Só será possível enfrentar os gigantescos desafios colocados pelas mudanças climáticas rompendo totalmente com a lógica da economia de mercado. Hoje a produção é voltada a gerar lucros para uma pequena elite. Grande parte dessa produção é feita para cumprir uma demanda fabricada, desnecessária, nociva ou rapidamente descartada, com artigos de luxo, consumismo exagerado, obsolescência programada, ou pior, os gigantes gastos com armas de destruição.

Será necessário colocar todos os recursos a serviço para adaptar a sociedade às mudanças que já aconteceram e começar a restaurar os danos. Isso é possível de fazer se os recursos da sociedade são colocados a favor do cumprimento das reais necessidades sociais e do meio ambiente.
Os recursos naturais, como minerais, água e vegetação nativa não podem estar a serviço de exploração privada por lucro e sim ser vistos como bens comuns que devem ser extraídos o mínimo possível, com o máximo de reaproveitamento. Hoje os lixões e oceanos enchem de plástico e outros resíduos, porque é mais barato fabricar novos do que reciclar.

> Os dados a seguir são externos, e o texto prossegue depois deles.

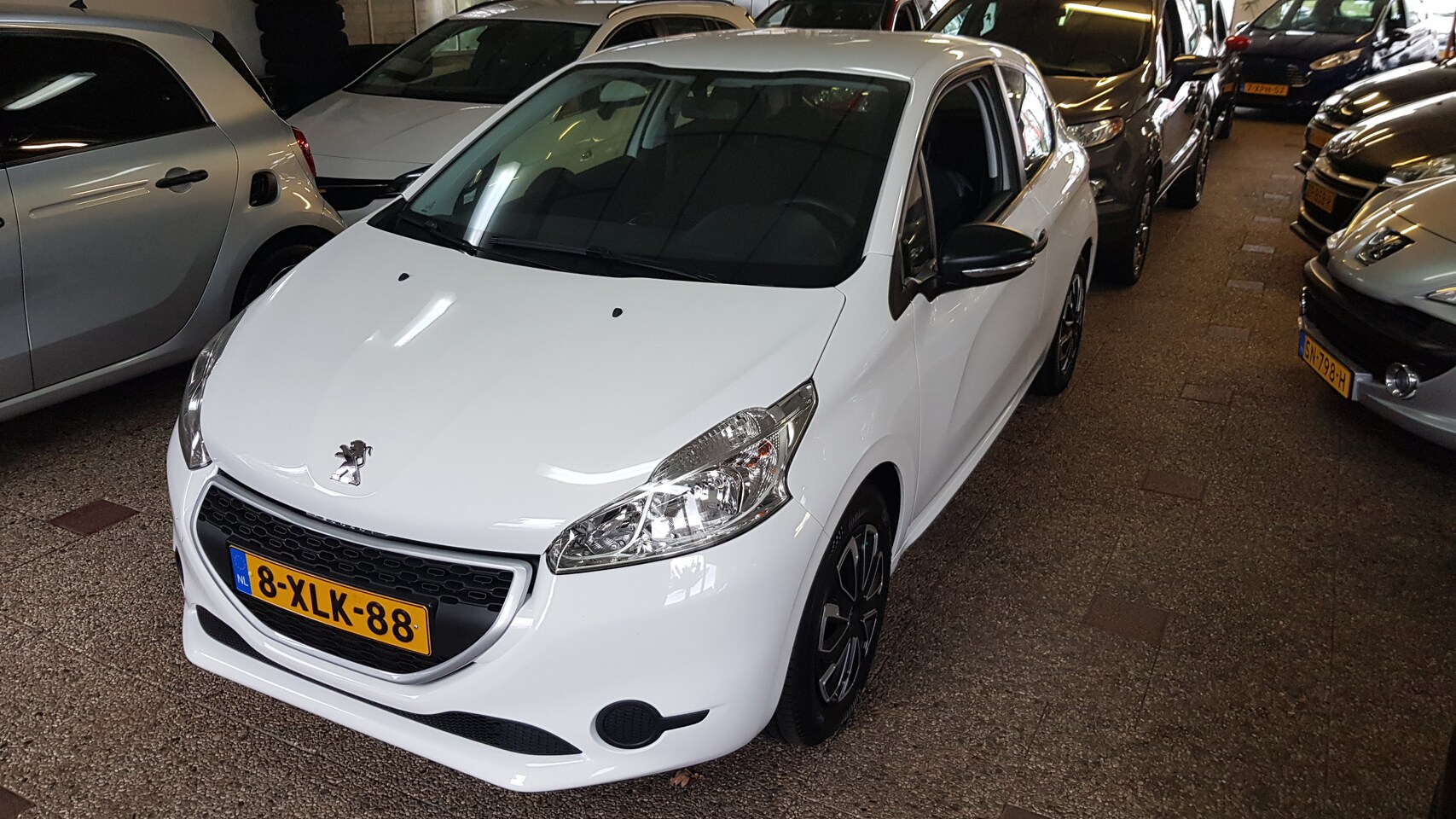 Peugeot 208 - 1.0 Vti Access 1.0L - AutoWereld.nl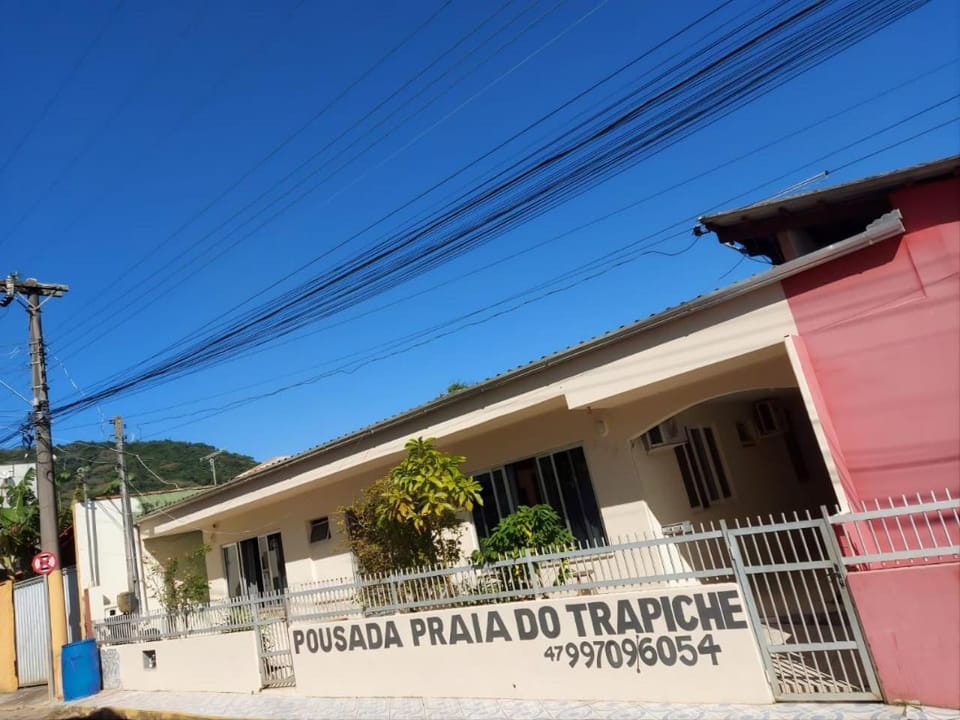 Pousada Praia do Trapiche Proximo Beto Carrero e Praia Bed and Breakfast in Penha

Mas não é suficiente os recursos serem sob controle de empresas estatais que funcionam na lógica do mercado, como a Petrobras. É necessário que as empresas estatais sejam colocadas sob o controle e gestão democráticos dos trabalhadores e incorporadas em uma planificação democrática da economia. Isso vale para as grandes empresas de outros setores que controlam a economia e consomem enormes recursos, que precisam também ser parte de um plano democrático: setor do transporte, agronegócio, construção civil, os gigantes do setor de consumo, seja produtos eletrônicos, eletrodomésticos, móveis, alimentos e outros. Estatizando as grandes empresas, junto com o setor financeiro e bancos, é possível romper a lógica do mercado e o poder da pequena elite que hoje impõem seus interesses sobre o resto da população. Aí a produção poderá começar a ser voltada às necessidades da grande maioria, não do lucro de uma pequena elite, e os nossos conhecimentos, tecnologias e bens comuns podem ser usados para começar a restaurar os danos que séculos de capitalismo causou no planeta.